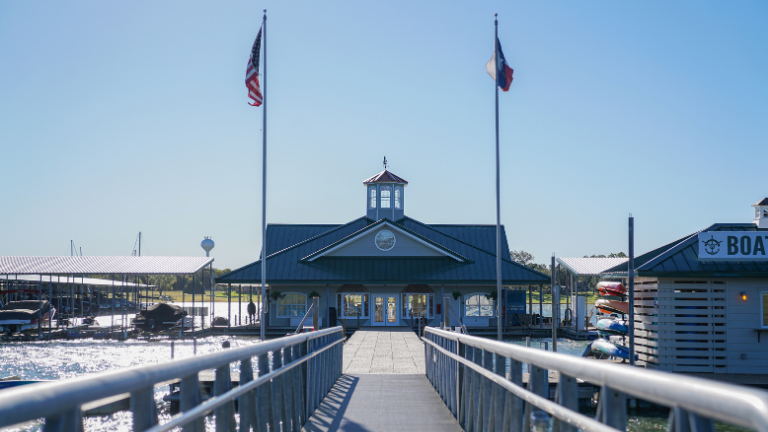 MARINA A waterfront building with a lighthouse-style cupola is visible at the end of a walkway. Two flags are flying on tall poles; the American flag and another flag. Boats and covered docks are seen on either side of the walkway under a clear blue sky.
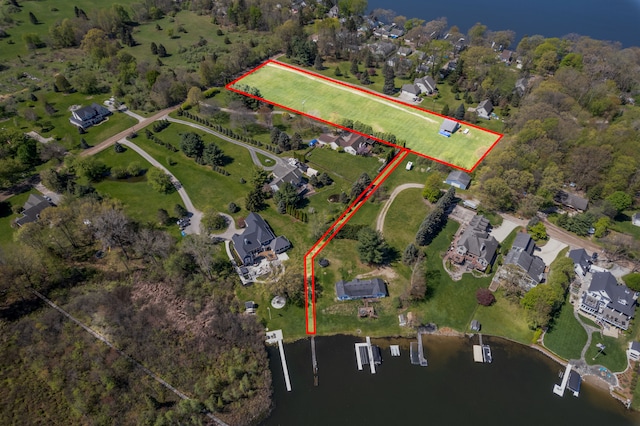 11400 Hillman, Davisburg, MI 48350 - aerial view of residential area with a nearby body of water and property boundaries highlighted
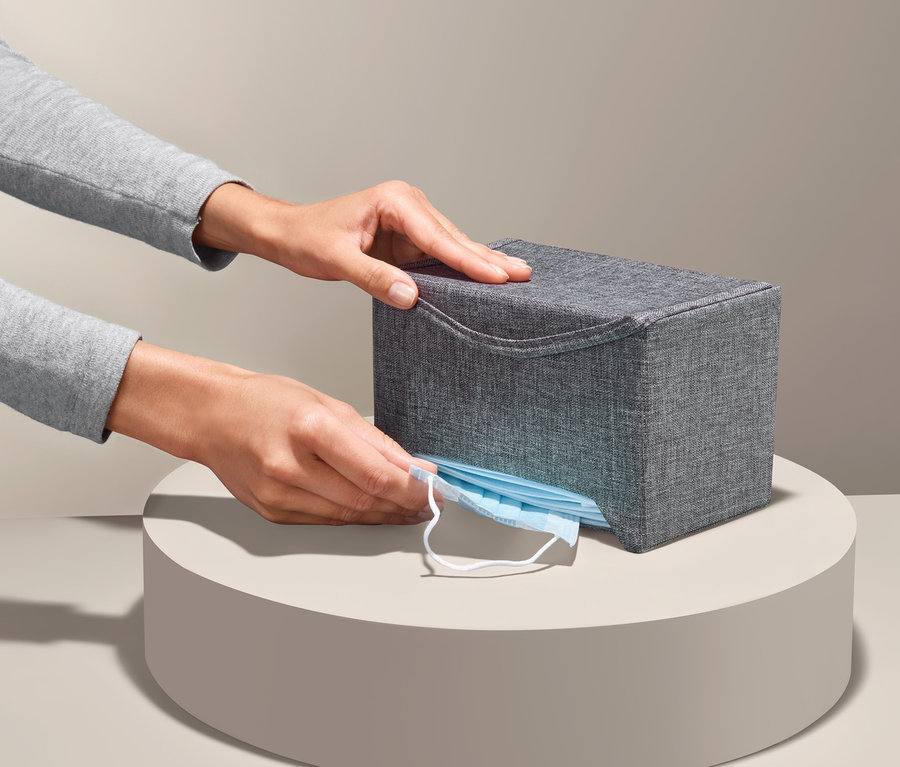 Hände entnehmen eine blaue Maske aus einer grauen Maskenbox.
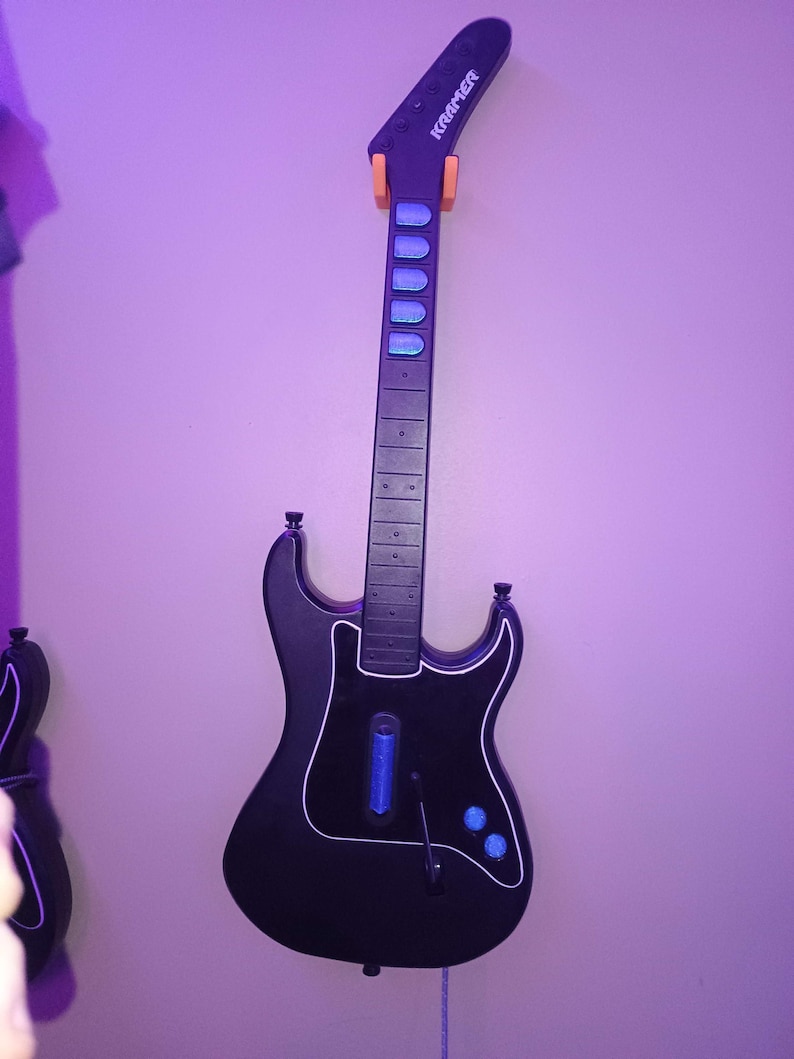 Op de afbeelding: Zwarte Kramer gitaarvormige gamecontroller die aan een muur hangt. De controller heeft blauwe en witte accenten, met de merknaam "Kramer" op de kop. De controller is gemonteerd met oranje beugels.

■ ■ ■ ■

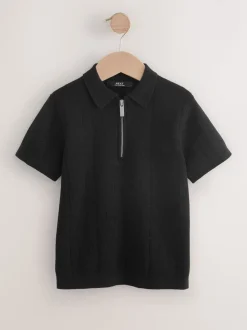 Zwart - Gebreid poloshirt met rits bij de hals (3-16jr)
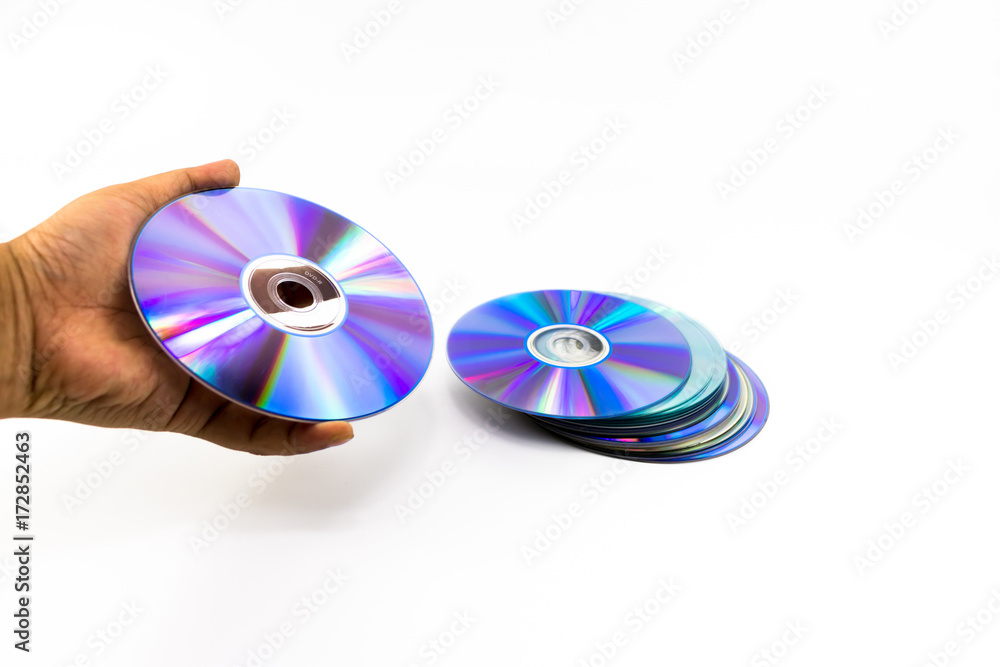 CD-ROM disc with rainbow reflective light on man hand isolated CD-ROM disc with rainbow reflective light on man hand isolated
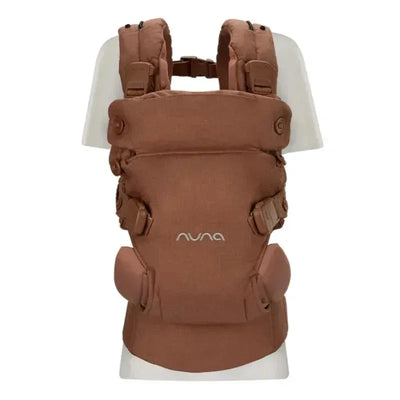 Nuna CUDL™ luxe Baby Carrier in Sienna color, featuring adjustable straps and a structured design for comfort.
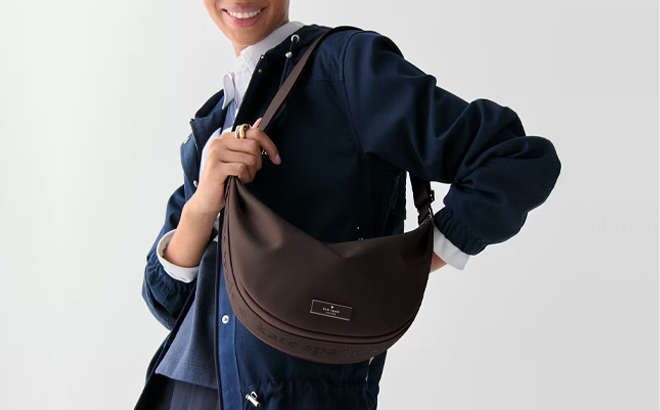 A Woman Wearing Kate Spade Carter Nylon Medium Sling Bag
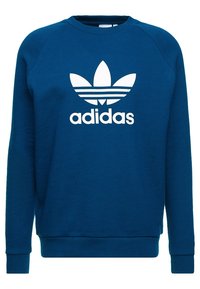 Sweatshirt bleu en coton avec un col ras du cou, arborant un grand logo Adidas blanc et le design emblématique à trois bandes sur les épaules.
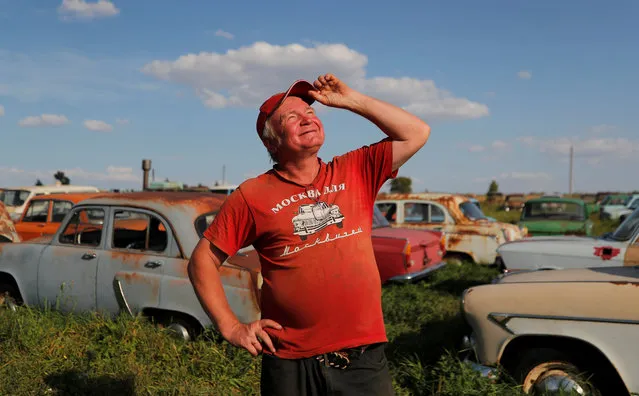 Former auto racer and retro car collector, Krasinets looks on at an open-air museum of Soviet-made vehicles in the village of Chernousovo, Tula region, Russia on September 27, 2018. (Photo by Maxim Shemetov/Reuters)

■ ■ ■ ■

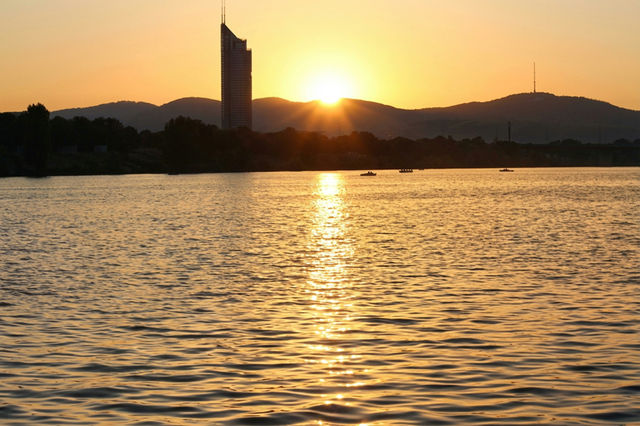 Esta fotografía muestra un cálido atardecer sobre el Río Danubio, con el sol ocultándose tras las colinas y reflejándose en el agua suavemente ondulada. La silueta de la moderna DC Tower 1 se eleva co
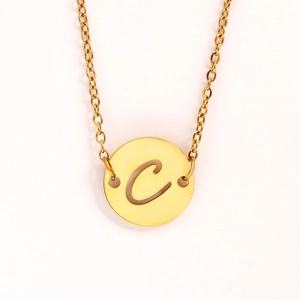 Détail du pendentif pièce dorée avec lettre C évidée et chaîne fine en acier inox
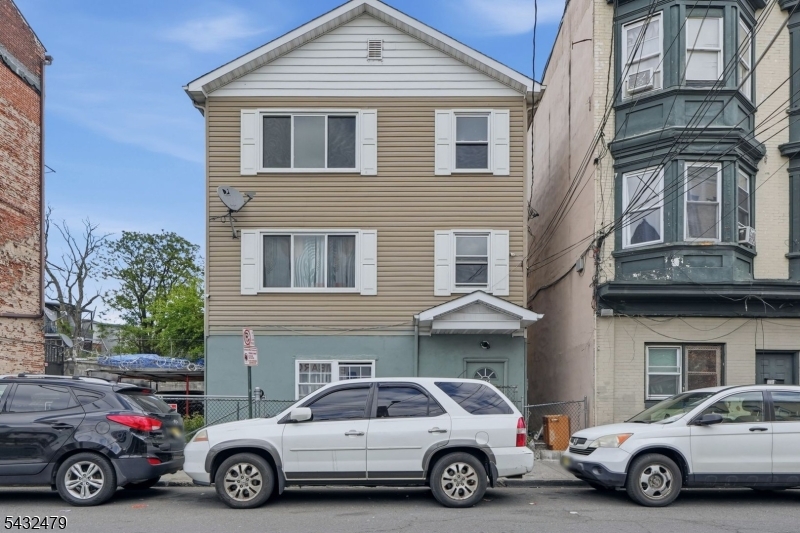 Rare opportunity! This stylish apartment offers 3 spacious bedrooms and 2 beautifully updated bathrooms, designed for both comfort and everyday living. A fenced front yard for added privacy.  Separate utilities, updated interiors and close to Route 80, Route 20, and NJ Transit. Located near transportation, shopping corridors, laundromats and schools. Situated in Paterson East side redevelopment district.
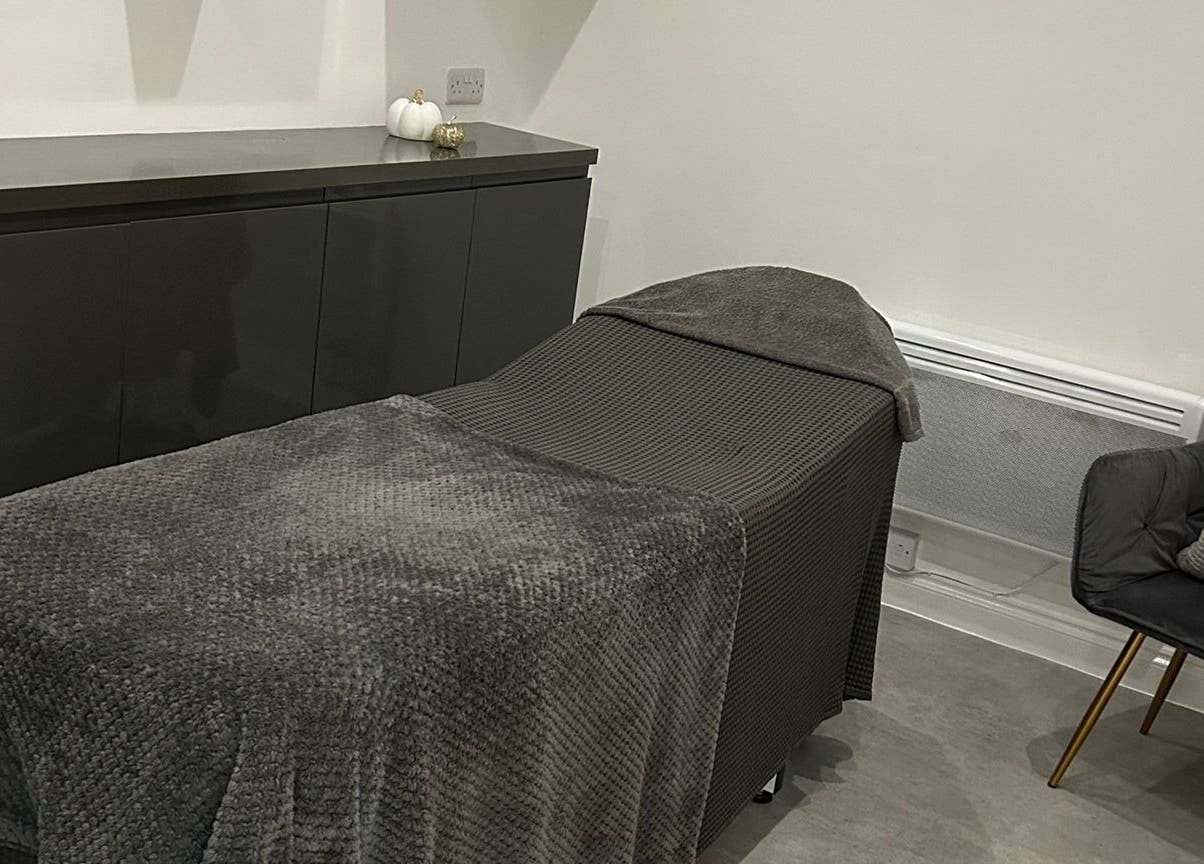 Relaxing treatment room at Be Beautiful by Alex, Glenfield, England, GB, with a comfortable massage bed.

■ ■ ■ ■

PROBLEM STATEMENT — Above are some records. Reproduce the lines from the one with "11400 Hillman, Davisburg, MI" down to the one with "Op de afbeelding: Zwarte", keeping both, and leave every picture out.

OUTPUT OF THE TASK —
 11400 Hillman, Davisburg, MI 48350 - aerial view of residential area with a nearby body of water and property boundaries highlighted
 Hände entnehmen eine blaue Maske aus einer grauen Maskenbox.
 Op de afbeelding: Zwarte Kramer gitaarvormige gamecontroller die aan een muur hangt. De controller heeft blauwe en witte accenten, met de merknaam "Kramer" op de kop. De controller is gemonteerd met oranje beugels.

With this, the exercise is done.